Farmer Mick Miners initially assumed a massive, dark item protruding from the earth in a remote area of his property in New South Wales, Australia, was a dead tree. But upon closer examination and confirmation from experts, he discovered that it had come from space. Later, the Australian Space Agency (ASA) claimed that a SpaceX capsule was responsible.
The discovery was called “unusual” and “interesting” by experts, who added that similar occurrences might grow more frequent. The object made its landing on July 9 in a wide region of fields, but Mr. Miners did not find it until several weeks afterwards.
Following the discovery of two other pieces close by, the ASA urged anyone who stumbled across additional fragments to get in touch with a debris hotline established up by SpaceX. An astronomer from the Australian National University named Dr. Brad Tucker was asked to investigate the object. He is frequently asked to investigate similar finds, the great majority of which turn out not to be space junk. In a video posted online, he stated, “This has been super exciting to see this all up close, I’ve never seen a piece of space junk fall like this,”

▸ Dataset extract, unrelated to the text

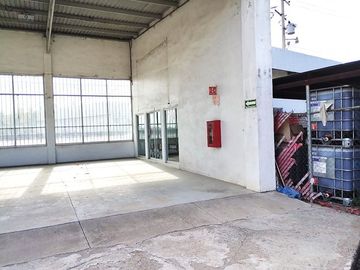 Bodega en Venta en Irapuato, salida a Abasolo cerca del trebol.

The UK’s Warwick University’s Don Pollacco, an astrophysics professor, concurred that it was extremely uncommon for space debris to impact the ground. Every day, things from space fall to Earth, but the vast majority of them, he continued, end up in the oceans, which cover the majority of the world.
Additionally, the sole known instance of a person being struck was Lottie Williams, who was unharmed in 1997 in Oklahoma, US, when a piece of space debris landed on her shoulder. A Chinese rocket fragment that caused damage to structures in the Ivory Coast in 2020 is another occurrence. However, given the recent dramatic increase in the number of rockets deployed into orbit, finds on ground may become increasingly frequent.
Prof. Pollacco stated that the Sun is transitioning into a period of increased activity, which could result in more material falling to Earth. A study from Canada’s University of British Columbia, released in July, found there was a 10% chance that one or more people would be killed by space debris in the following ten years. This finding is perhaps more worrisome.
Prof. Pollacco continues, however, that the possibility of someone getting wounded is virtually zero, adding, “I don’t think people need to be frightened, the likelihood of them getting hit is unbelievably small.”